[antlr-interest] TreeDL way (was: Article against TreeWalkers)

Mon Mar 13 02:33:35 PST 2006

Hi all,

My project, TreeDL (http://treedl.sf.net), is mentioned in the article 
"Manual Tree Walking Is Better Than Tree Grammars" 
by Andy Tripp. I generally agree with this statement
but can't agree with the context:
>The mapping from one AST structure to another is quite complex
>(see XSLT, TXL, or TreeDL for example), and a single BNF-like 
>grammar doesn't capture it.

TreeDL is not for AST transformations, but for AST description
(as a structure of heterogenous tree) and for generation of code
from this AST description. It generates classes for AST node types
and for tree processing: base visitors, walkers, factories etc
- all code that is defined by AST structure.
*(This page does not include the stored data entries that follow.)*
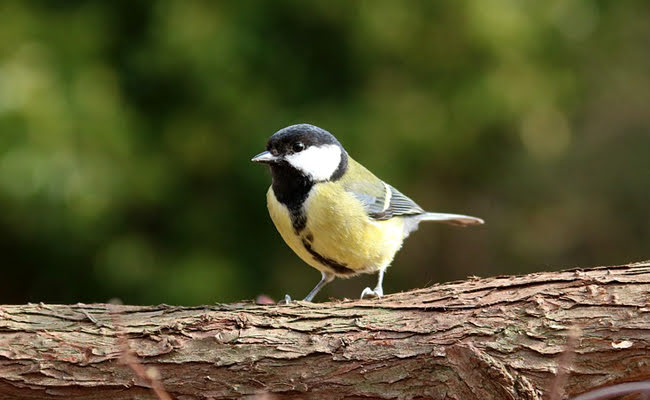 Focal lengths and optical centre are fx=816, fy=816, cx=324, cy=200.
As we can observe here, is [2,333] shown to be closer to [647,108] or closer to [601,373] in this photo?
[601,373]

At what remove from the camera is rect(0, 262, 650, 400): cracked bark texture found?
1992 mm

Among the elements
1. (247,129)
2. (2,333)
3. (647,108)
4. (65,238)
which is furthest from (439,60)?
(2,333)

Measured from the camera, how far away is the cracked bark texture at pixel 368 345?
1992 millimetres

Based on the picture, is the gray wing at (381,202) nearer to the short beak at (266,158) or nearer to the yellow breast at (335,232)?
the yellow breast at (335,232)

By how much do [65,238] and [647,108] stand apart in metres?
3.95

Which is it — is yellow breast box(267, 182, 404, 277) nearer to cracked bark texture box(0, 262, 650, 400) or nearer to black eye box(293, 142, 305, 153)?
black eye box(293, 142, 305, 153)

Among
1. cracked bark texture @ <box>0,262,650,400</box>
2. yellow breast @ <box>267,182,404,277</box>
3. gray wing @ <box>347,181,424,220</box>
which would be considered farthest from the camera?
gray wing @ <box>347,181,424,220</box>

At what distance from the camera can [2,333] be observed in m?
2.20

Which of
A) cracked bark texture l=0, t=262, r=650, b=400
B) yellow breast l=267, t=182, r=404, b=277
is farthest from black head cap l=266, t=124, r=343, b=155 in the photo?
cracked bark texture l=0, t=262, r=650, b=400

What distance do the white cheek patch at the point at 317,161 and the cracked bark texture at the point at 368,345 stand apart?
62cm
We've compared homogenous vs heterogenous trees and
ways of tree processing in this list long time ago, just after 
"Translators Should Use Tree Grammars" article was published:
http://www.antlr.org/pipermail/antlr-interest/2004-November/thread.html

Mentioned in this article advantages of tree grammars 
(over visitors and other approaches to tree processing) exist only if
tree grammars have good tool support and other approaches don't have one.
But homogenous trees processing without tool support are much more dangerous
than heterogenous trees processing!

So, why to write additional AST description?

1. It is interface to results of parsing. Not all developers
need to look at antlr parser - with predicates, error recovery,
tree construction code (btw, it is most complicated part of antlr language 
- count percent of questions about tree construction in this list)
AST description is very clear: 
http://treedl.sourceforge.net/frontend/java5/treedl/com/unitesk/java5/Java5.tdl-xref/index.html

2a. It is source of code generation. You need not write depth-first
walker by hands and update it on each AST change - just re-generate it.

2b. It allows additional checking of tree processing code to compensate
well-known disadvantages (of visitors). For example, it is possible to
define operation over tree:

operation Object compute( virtual Expression expr, SymbolTable table )
{
  case( MinusExpression expr, table ): 
  { 
    return   (Integer)compute( expr.getLeft() )
           - (Integer)compute( expr.getRight() ); 
  }

  case( ConditionalExpression expr, table ): 
  { 
    return   (Boolean)compute( expr.getConditional() )
           ?   compute( expr.getThen() )
             : compute( expr.getElse() ); 
  }
  case( NameExpression expr, table )
  {
    return table.getValue( expr.getName() );
  }
  ...
}

Tool will check that operation case is defined for each inheritor of Expression.
So, when new expression type will be added, you will get reminder that
compute() operation should be updated. Note, in contrast to visitors
you can define additional parameters and result type.

3. Generated tree can implement any tree interface you need, including
homogenous interface (for example, ANTLR Node). It allows to process
tree using various approaches.

4. Tree can be created without parser. For example, it can be model in MVC pattern.
And you can use the same text generation library (StringTemplate?) for this model.

Analogies of TreeDL in XML world are binding APIs that create
classes for given schema to represent XML documents.
I don't know is there binding API that generate something in addition to node classes.
XML parser can be generated automaticly (advantage of standard syntax)
and we need to write parser with actions for tree creation.
Luckily, it is very straightforward code.

Regards,
Alexey

-----
Alexey Demakov
TreeDL: Tree Description Language: http://treedl.sourceforge.net
RedVerst Group: http://www.unitesk.com